For years, Wisconsin football has been anchored by a steady diet of power run plays and an elite defense.
A dominant runningback fuels the power runs, but what fuels the steady defense can vary from season to season, game to game.
With injuries limiting the depth at linebacker, the presumed anchor position for the defense was left open. Enter the versatile safeties D’Cota Dixon and Natrell Jamerson.
The experienced due showed out on Saturday in the game against Northwestern, leading the defense to a dominant performance and sealing the victory for Wisconsin.
“Really proud of the way the guys played and fought together and found a way to win. Obviously a big play, you know, guys like D’Cota [Dixon], that last play on the safety. There’s a lot of guys who put it out there,” head coach Paul Chryst said.
Dixon, who was a key player on last years team has continued to be a leader. Against Northwestern he had a career high 12 total tackles, 2.0 sacks and 1.5 tackles for loss as he ended the weekend earning National Defensive Player of the week honors.
Normally a defensive back will lead the way for a team by getting interceptions, disrupting the pass game. On Saturday, however, Dixon was truly a position-less player.
“I mean it’s great.

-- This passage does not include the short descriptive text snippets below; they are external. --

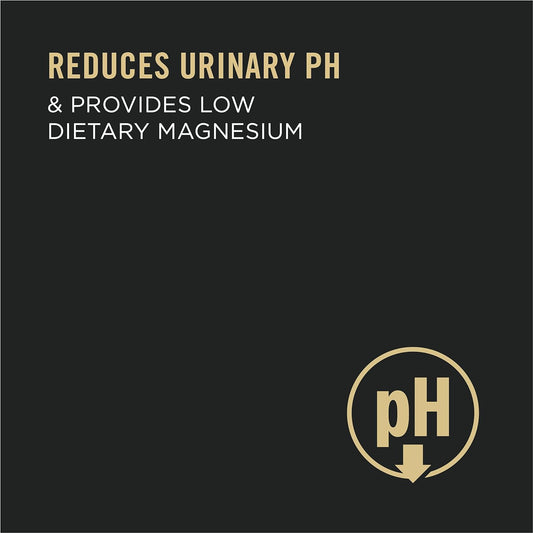 Purina Pro Plan Urinary Tract Cat Food Wet Pate, Urinary Tract Health Turkey And Giblets Entree - 3 Oz. Pull-Top Can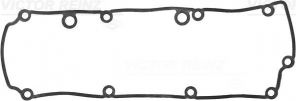 Reinz 71-36043-00 - Tesnenie pod veko ventilov -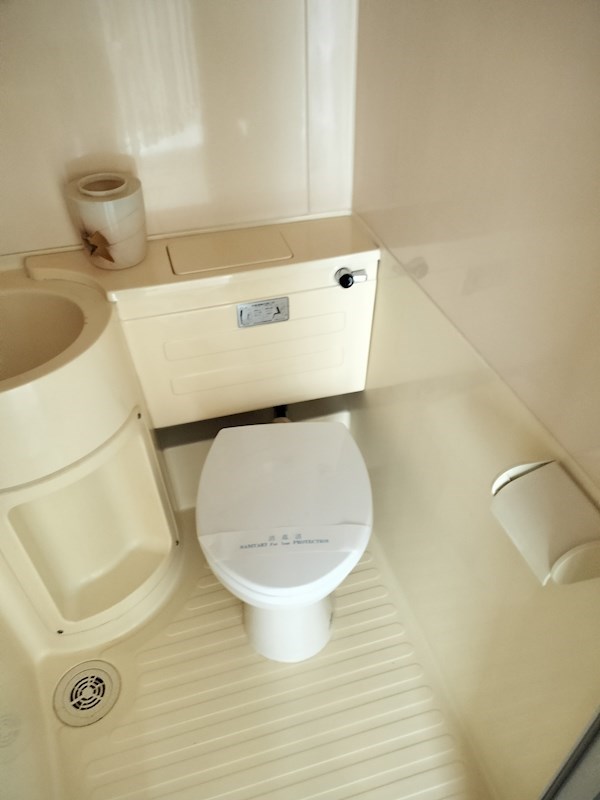 グリスゴット その他3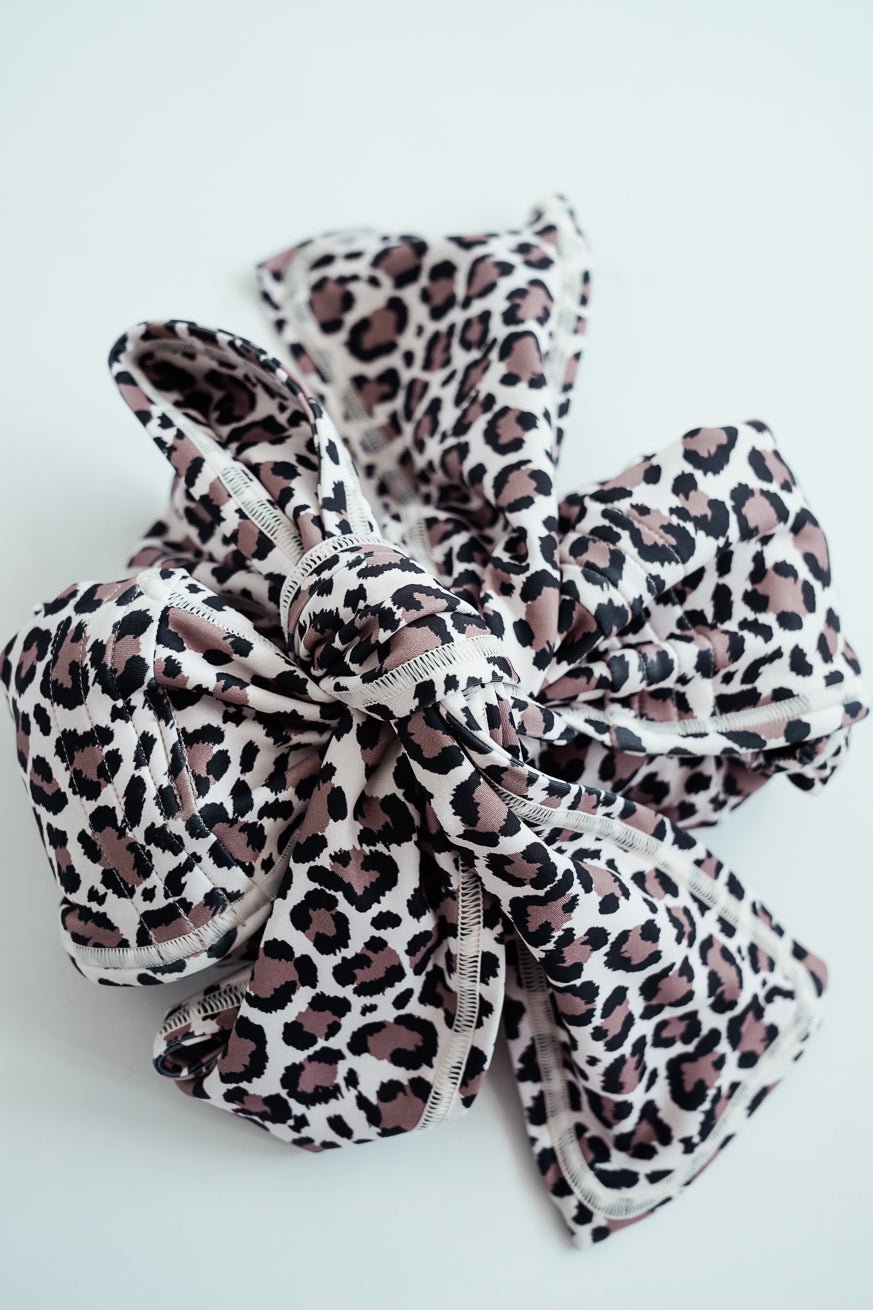 Draagzak Aqua RingSling Zomersafari - KOKADI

Like you could him at D-Line, he could attack like he a D-lineman when he’s down there,” cornerback Derrick Tindal said. “Put him at linebacker and he like a linebacker when he is in there. He can field the run and you put him at safety and he can cover just as well.”
In fact Dixon is viewed as such a good blitzer by his teammates, that they willingly change to play calls to send him into the thick of it.

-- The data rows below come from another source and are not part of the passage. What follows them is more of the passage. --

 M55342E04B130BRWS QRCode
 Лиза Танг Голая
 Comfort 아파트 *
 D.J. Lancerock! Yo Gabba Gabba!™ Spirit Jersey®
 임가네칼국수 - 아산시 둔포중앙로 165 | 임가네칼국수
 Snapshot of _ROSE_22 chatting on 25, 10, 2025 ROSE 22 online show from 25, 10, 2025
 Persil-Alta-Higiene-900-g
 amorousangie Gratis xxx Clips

“It’s a very big impact to have him on defense and we can put him at different spots. And shoot, they’ll be sometimes when I have a blitz called for me and I’ll switch and tell D’Cota to go down and blitz and I’ll just cover. Cause that’s what D’Cota does,” Tindal said.
Dixon made those opportunities count on impactful ways. One of his sacks came on a third down. Overall, Wisconsin’s defense dominated third down allowing Northwestern to convert only three of their 15 chances.
On back to back plays in the first quarter, Dixon also made back to back open field tackles, one for a loss. The series of plays slowed an early drive by Northwestern who started with favorable field position. His most important play came in the final minutes of the game when he sacked Northwestern’s quarterback Clayton Thorson for a safety.
Dixon’s safety sealed the win for Wisconsin, but it would have never have happened without the play of his partner in crime.
On the play before the safety, Wisconsin punter Anthony Lotti boomed a punt close to the goal line. Jamerson, who also starts on special teams as a gunner, beat his defender and was able to get under Lotti’s punt. He downed it at the two yard line, setting up the dagger that was Dixon’s safety.
Plays that may go unremembered by the general fan, are plays that coaches will always remember.
“Natrell [Jamerson] brings so much to this team and has been doing it for a while now. Two years ago he was our special teams player of the year. What you appreciate from him is that now that he’s in a starting role, what he thinks about and how he approaches the special teams is every bit as important as it was when he was first breaking in, playing, and as you know, we’re going to need all the guys,” Chryst said.
“There are good examples of players like [Natrell] that will do anything for this team. And you get into games — we’re going to have a lot more close games — that we’re going to need plays such as that. Doesn’t matter how it comes, what unit it comes on, we’re going to need everyone.”
Special teams is perhaps the most important aspect of winning the field position battle. So often an after thought to most, Jamerson has continued to value its importance.
“It’s just the same as on offense or defense. Special teams, it controls the field so downing the punt right on the two yard line and then it lead to a safety so you gotta be good on special teams,” Jamerson said
With D’Cota disrupting the pass game by rushing the quarterback, Jamerson picked up the slack in the passing coverage, which has been spotty at times earlier in the season.
He would finish the game with two interceptions, one of which he busted to the endzone. Jamerson’s pick six proved crucial as Northwestern refused to go away in the fourth quarter. Not to let Dixon get all the spot light in the quarterback pressure department, Jamerson also added 1.0 sacks to his already stellar day.
“Aye man, he did his thing today. That’s my dawg,” Tindal said of his defensive backfield teammate.
Early into the season, the defensive backfield has been anything but steady. In the first two non-conference games they gave up huge chunk plays, letting lesser opponents stick around in games they had no business being in.
But they have bounced back every game, coming out in the second half with a presence that only veterans who have been there before can bring.
“Adversity’s going to hit and we have to respond. And that’s exactly what we did,” Jamerson said.